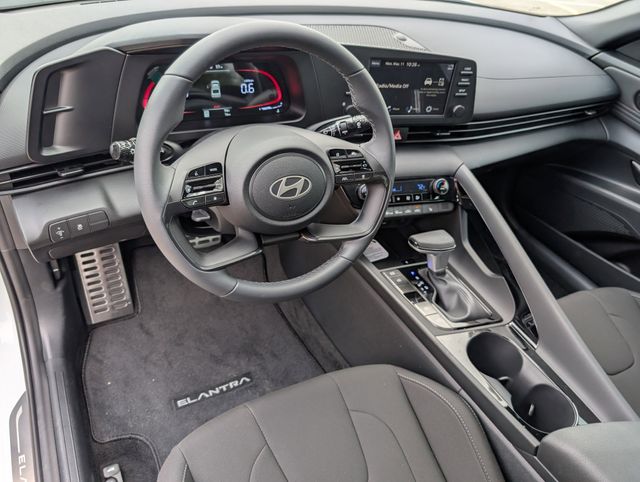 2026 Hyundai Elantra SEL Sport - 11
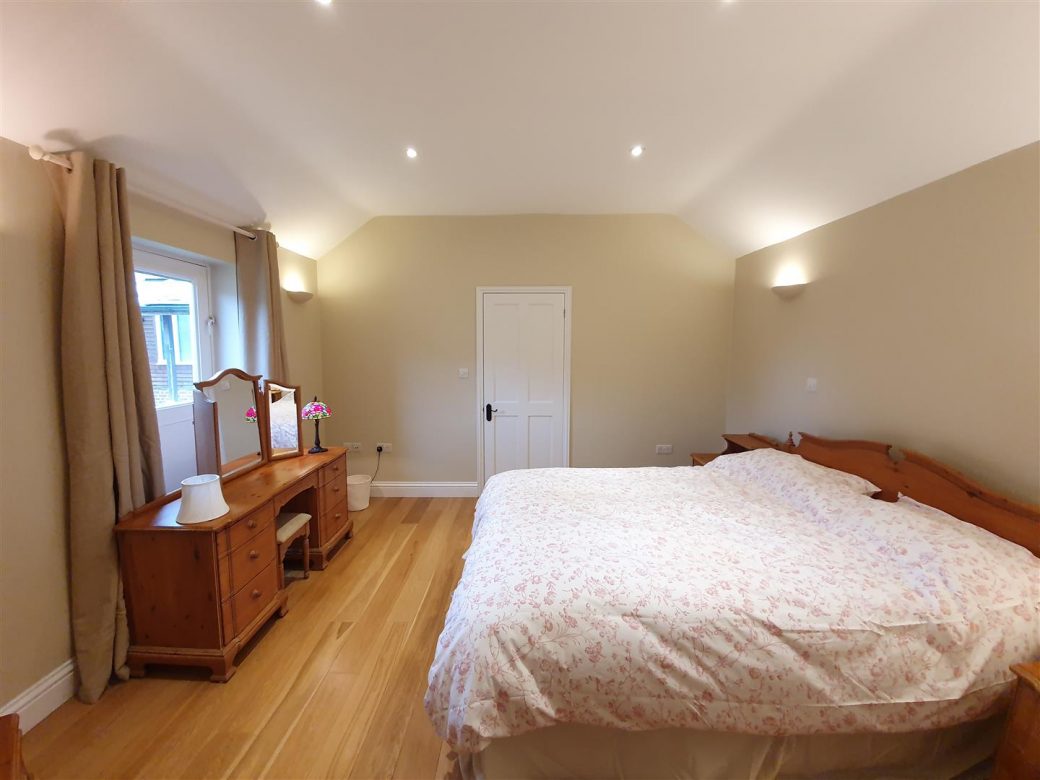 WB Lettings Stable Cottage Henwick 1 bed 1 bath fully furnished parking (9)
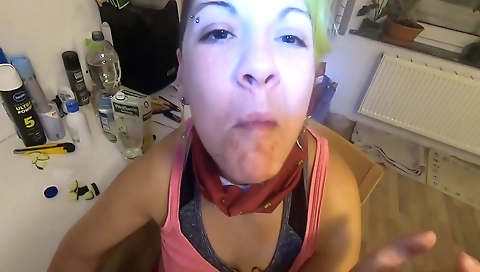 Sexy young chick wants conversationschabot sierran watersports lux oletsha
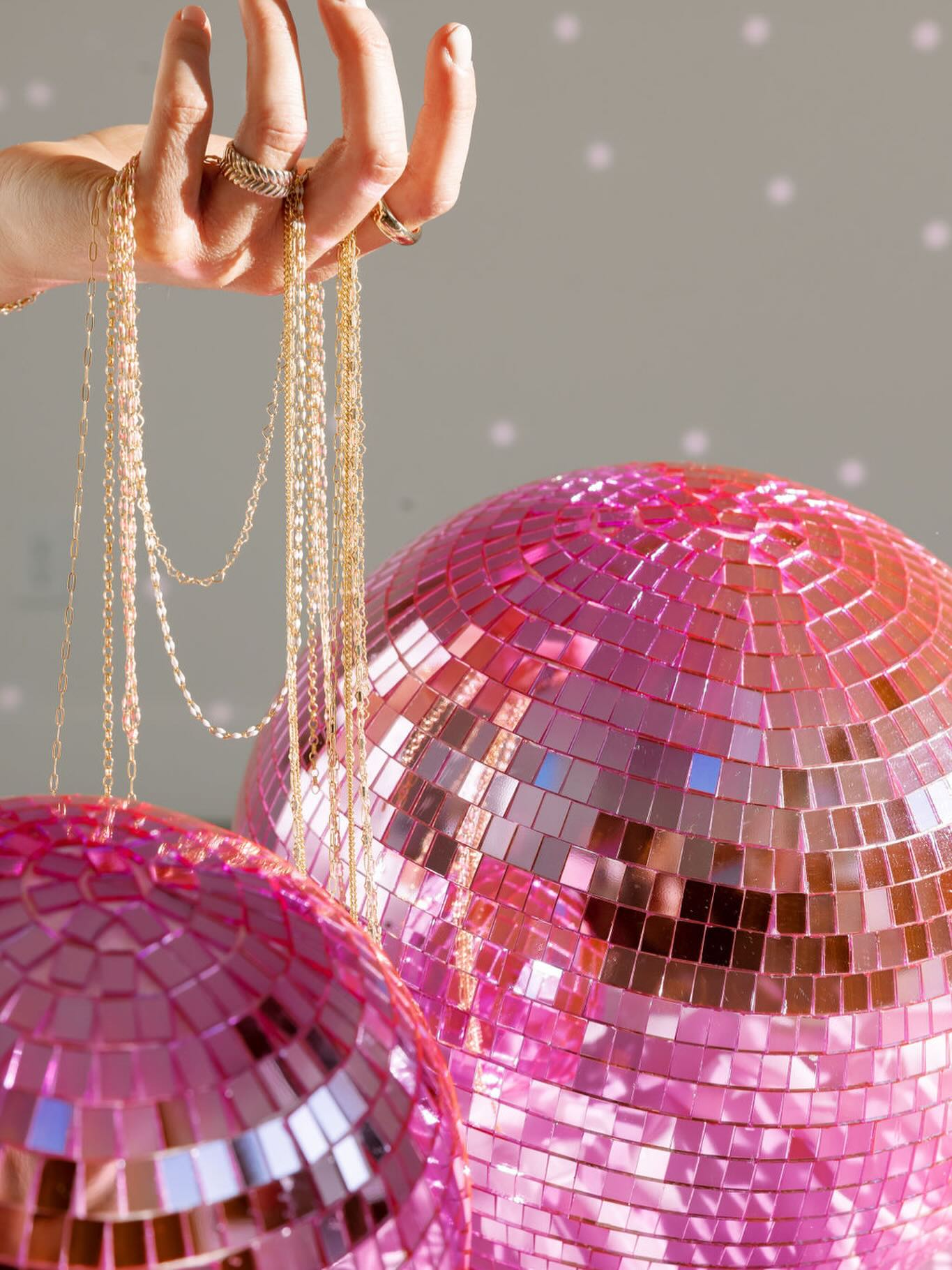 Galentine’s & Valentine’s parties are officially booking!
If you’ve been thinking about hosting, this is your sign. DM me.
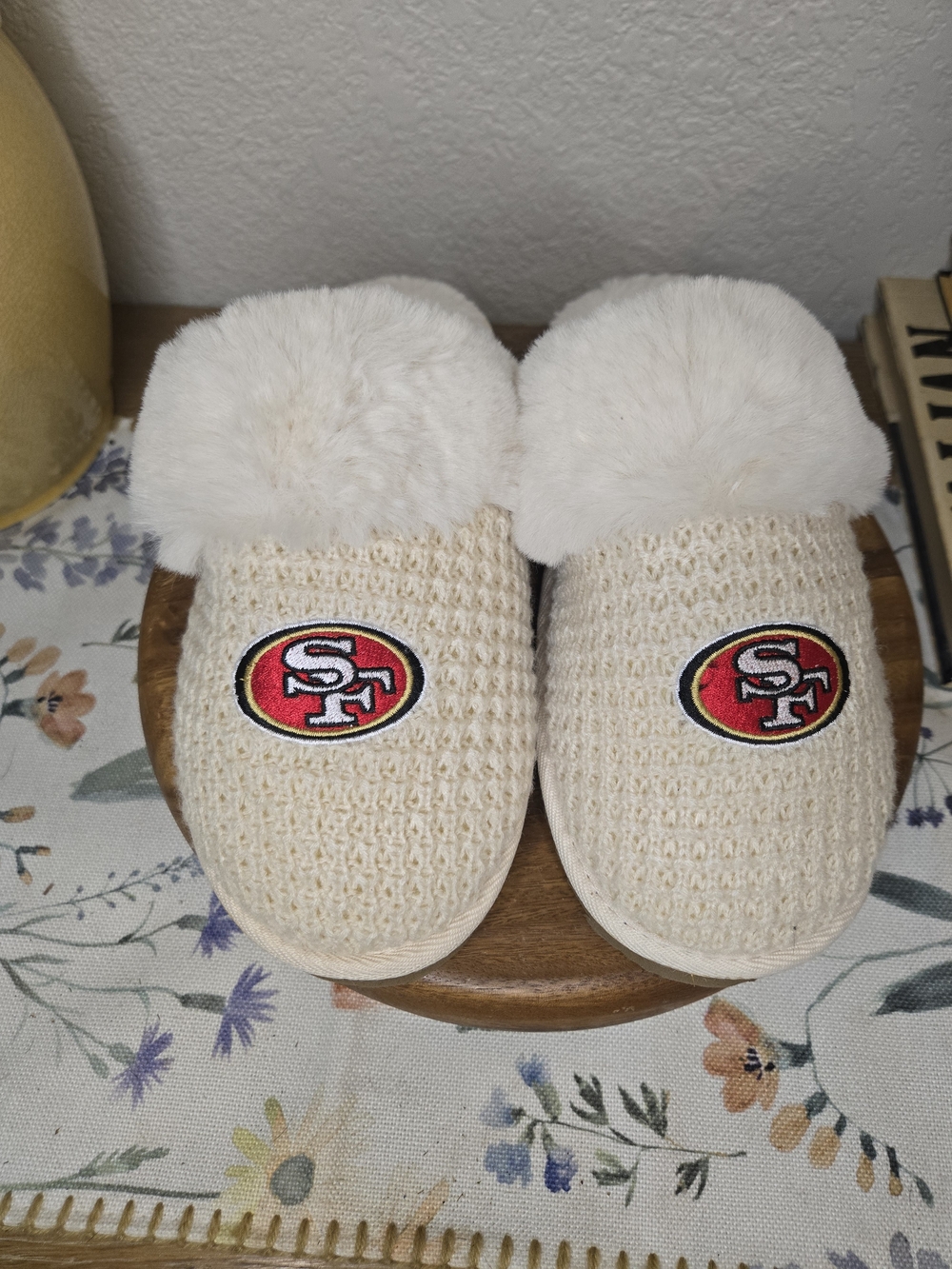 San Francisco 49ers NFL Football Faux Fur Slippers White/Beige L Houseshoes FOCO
☆ ☆ ☆ ☆ ☆
Prompt ▸
Line by line, reproduce exactly the lines from the one containing "WB Lettings Stable" through the final line of the material, both included, leaving every picture out.

Solution for this exercise ▸
 WB Lettings Stable Cottage Henwick 1 bed 1 bath fully furnished parking (9)
 Sexy young chick wants conversationschabot sierran watersports lux oletsha
 Galentine’s & Valentine’s parties are officially booking!
If you’ve been thinking about hosting, this is your sign. DM me.
 San Francisco 49ers NFL Football Faux Fur Slippers White/Beige L Houseshoes FOCO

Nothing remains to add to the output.